The Mahabharatha: A Child's View
Tara Books · 1996 · paperback
Ages 10-14 Hindu
The Mahabharata retold and illustrated by Samhita Arni, who began it at the age of eight and finished it as a child. A complete child's-eye account of the whole epic — direct, unsentimental, with her own line drawings and no adult hand smoothing it over. Published by Tara Books; admired by Roberto Calasso.
Editor's review
Most children’s versions of the Mahabharata are an adult’s idea of how to make the epic safe for a child. This one is the opposite: Samhita Arni began writing and illustrating it at the age of eight and finished it while still a child, and Tara Books published the result more or less as she made it. What you get is the rarest thing in the whole genre — the Mahabharata told in a child’s actual voice, not a grown-up’s imitation of one.
That voice turns out to be the book’s whole virtue. Arni takes the strangeness and the brutality of the epic at face value, the way children do, without the editorializing that adult retellings reach for. The dice game, the long enmity, the deaths piling up across the war — she reports them plainly, and the plainness is more affecting than any amount of careful framing would be. Her line drawings have the same quality: naive, direct, and weirdly memorable, with none of the polish a professional illustrator would have imposed.

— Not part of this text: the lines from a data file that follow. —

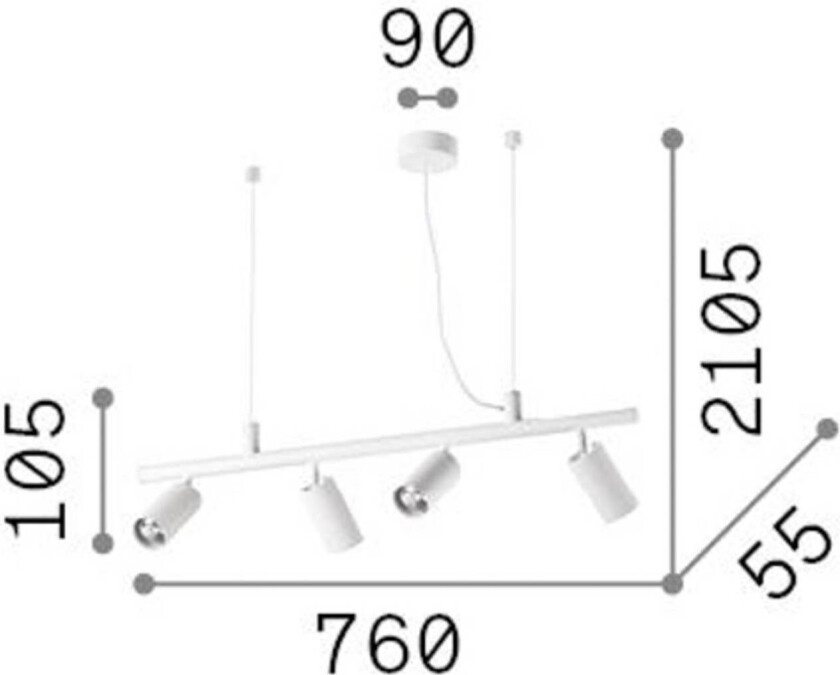 Ideal Lux hengelampe Dynamite 4 lyskilder i messing/sort metall.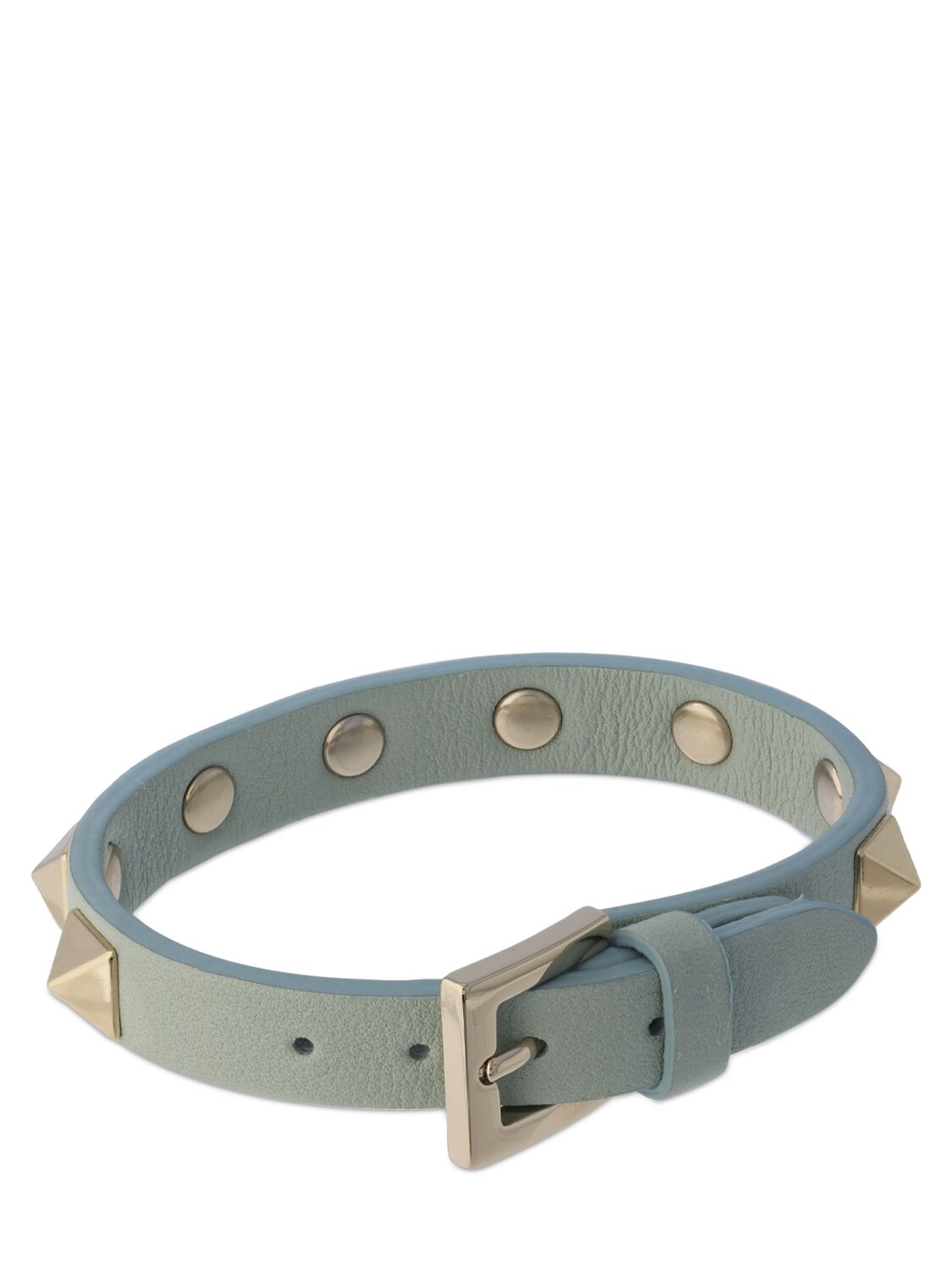 Shop Valentino Rockstud Leather Belt Bracelet In Aqua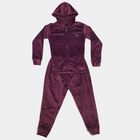 Girls Purple Hooded Neck Lounge Style Hipster Set, Purple, small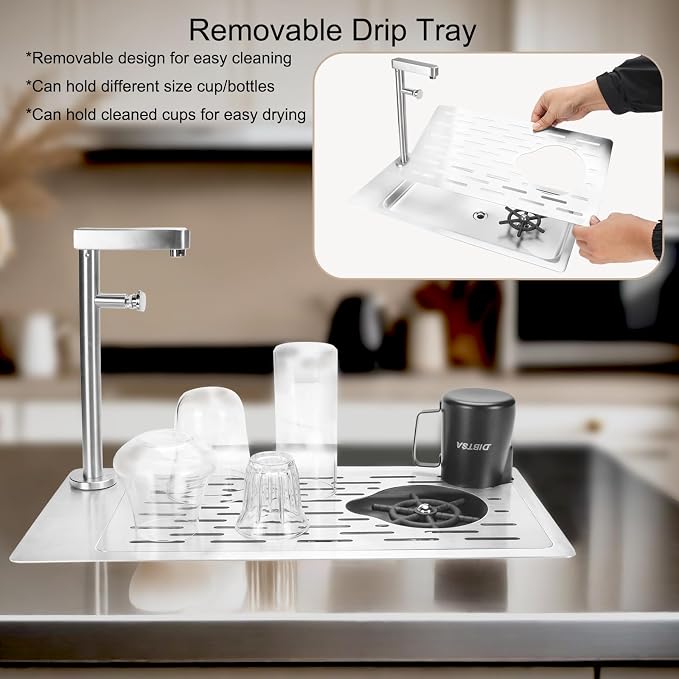 DIBTSA Pitcher Rinser, Stainless Steel Countertop Glass Rinser Cup Washer Sink with Side Spray,Drip Tray for Home Cafe Restaurant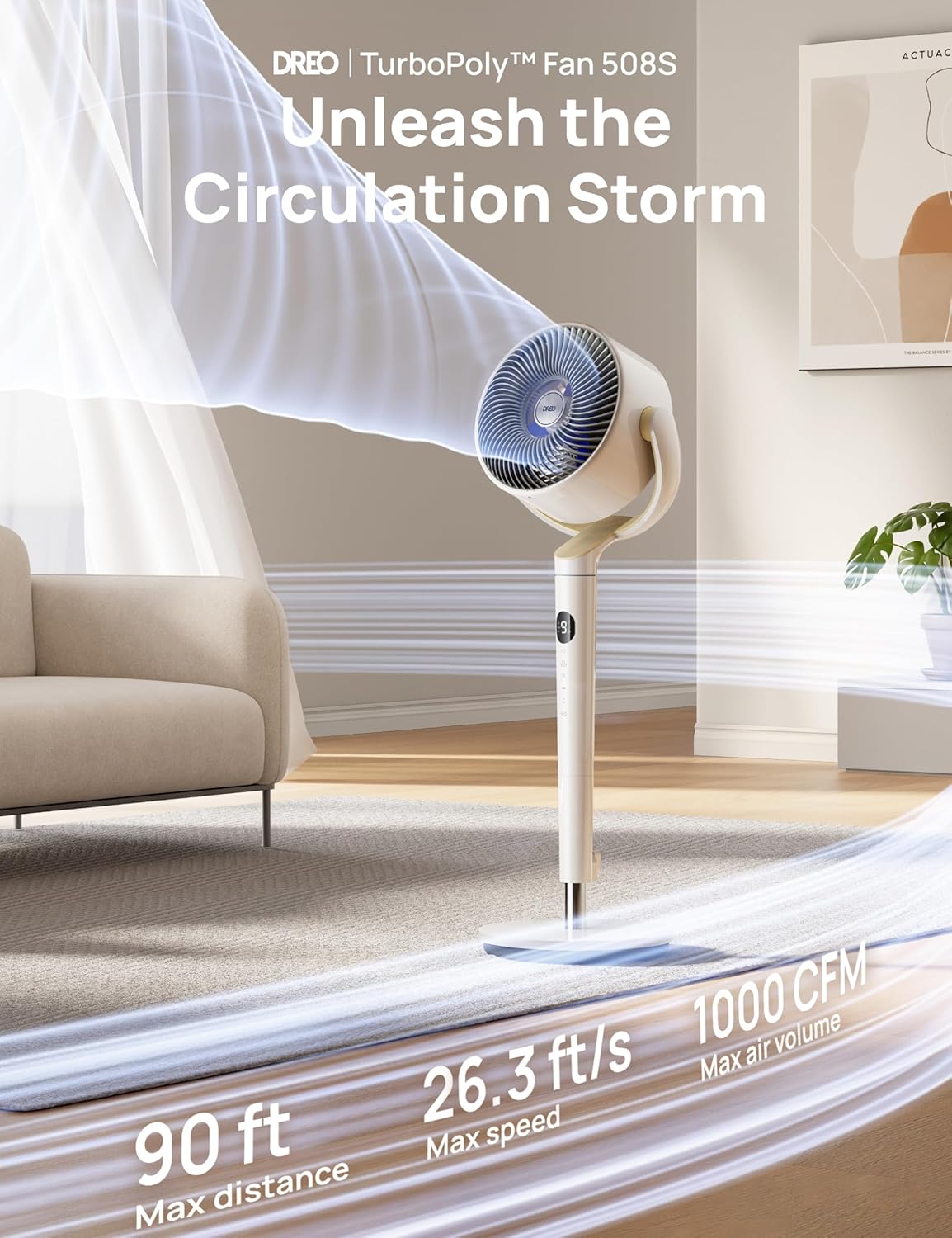 Slim Ossillerende Waaier 120° Omni-Rigting, 90vt Stil Voetstuk m/ RGB-Lig, 9 Spoede, 6 Modusse 8H Tydhouer, Wi-Fi/Stem, 37-42" - Wit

It belongs on the same shelf as Sita’s Ramayana — also a Tara Books title, also a strong, unconventional Indian retelling — and the two together give a child both great epics in voices that feel handmade rather than packaged. Roberto Calasso, no easy audience, called it one of the best ways to approach the Mahabharata, “for grown-ups as well as children,” and he was right; adults read it straight through.
A note on availability: Tara Books is an independent publisher in Chennai, and this title reaches the US and UK through import channels rather than domestic stock. It is in print; allow extra delivery time if you are ordering from outside South Asia.